=== Begin Enclosure ===

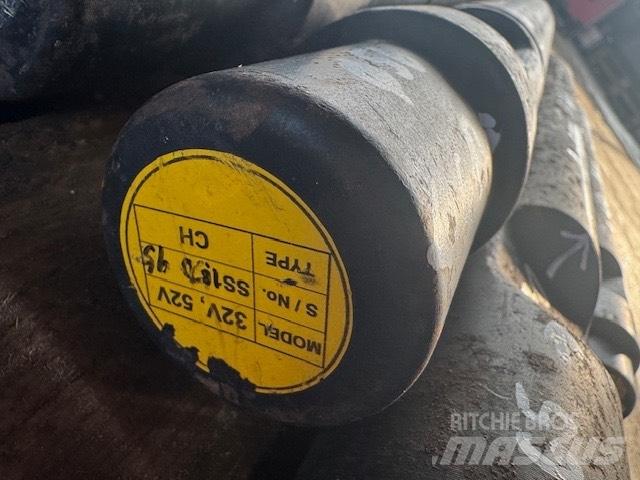JCB Hammer Tool D&A 鐵鎚/碎石機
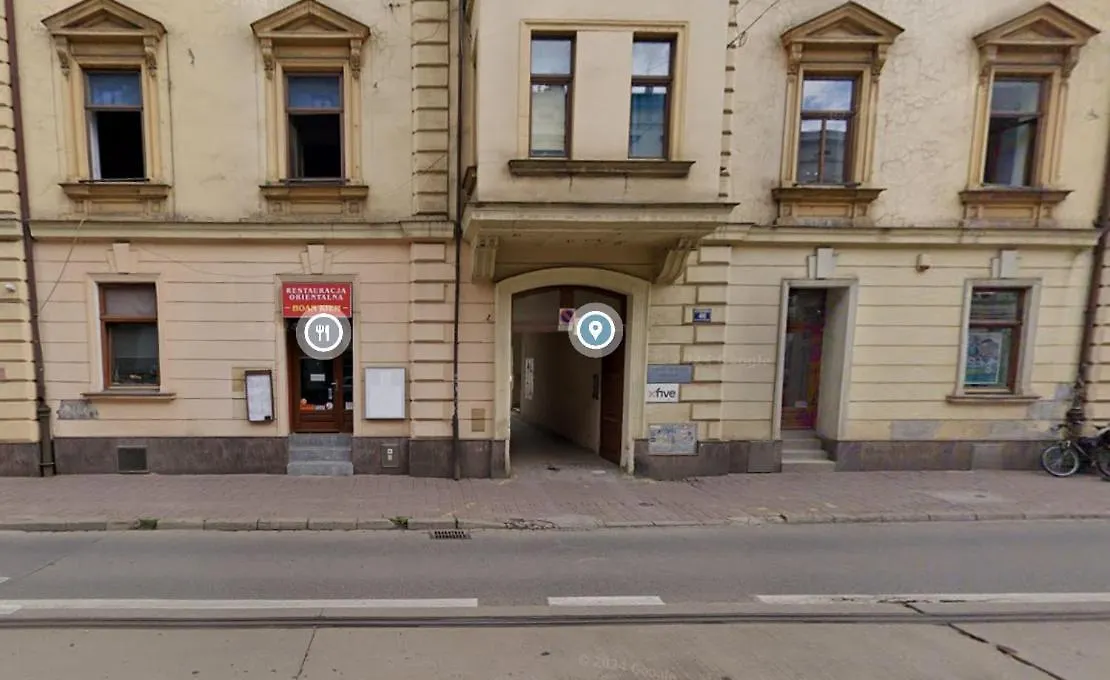 Hostel To Be Hotel Kraków Polska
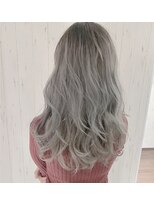 アース 戸塚店(HAIR&MAKE EARTH)&nbsp;ハイトーングラデーション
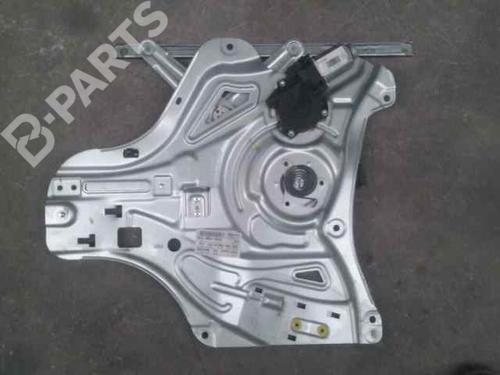 Front right window mechanism LANCIA Y (840_) 1.2 16V (840AD) (86 hp) 1925684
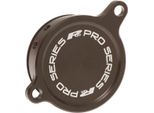 Coperchio Filtro Olio Rfx Pro (Anodizzato Duro) - Adatto A Kawasaki KXF450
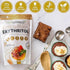 Gold Erythritol 500g - Eco Natural Products - NKD Living - Sugar Substitute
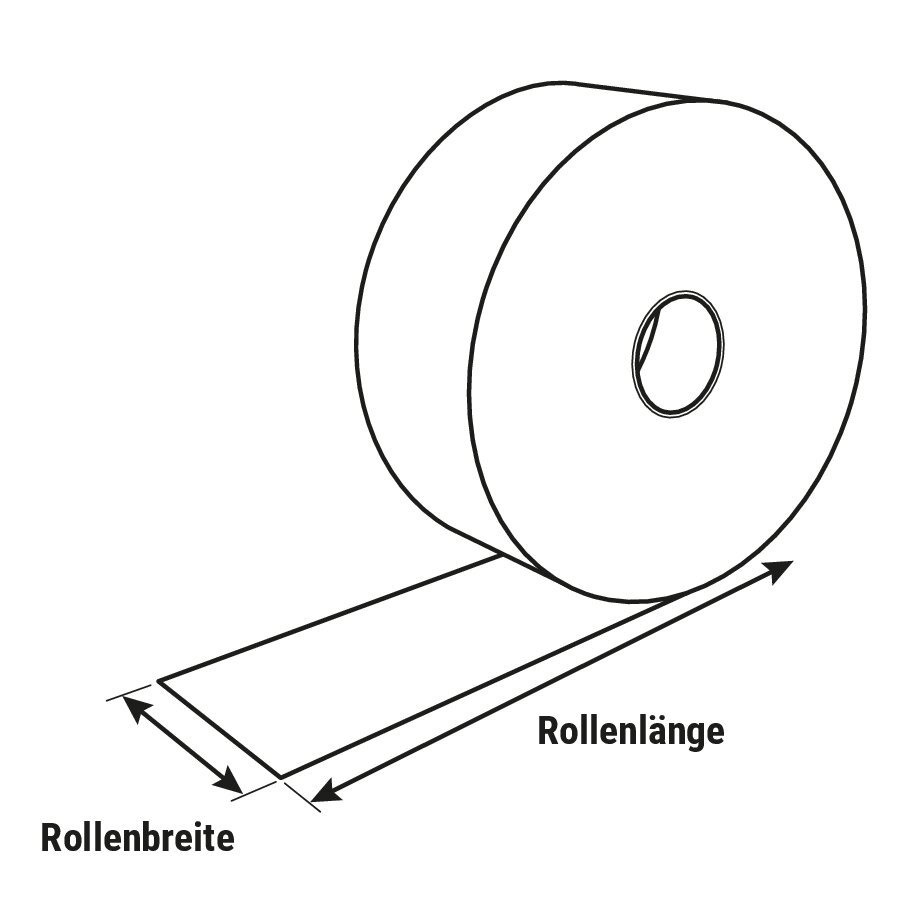 tesa 4313, Papier-Maschinenklebeband tesa 4313, Papier-Maschinenklebeband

=== End Enclosure ===

§ WHAT IS BEING ASKED:
Starting from the line containing "アース 戸塚店(HAIR&MAKE EARTH)&nbsp;ハイトーングラデーション", repeat each line exactly through the end of the entries, including the last, while leaving pictures out.

§ TASK OUTPUT:
 アース 戸塚店(HAIR&MAKE EARTH)&nbsp;ハイトーングラデーション
 Front right window mechanism LANCIA Y (840_) 1.2 16V (840AD) (86 hp) 1925684
 Coperchio Filtro Olio Rfx Pro (Anodizzato Duro) - Adatto A Kawasaki KXF450
 Gold Erythritol 500g - Eco Natural Products - NKD Living - Sugar Substitute
 tesa 4313, Papier-Maschinenklebeband tesa 4313, Papier-Maschinenklebeband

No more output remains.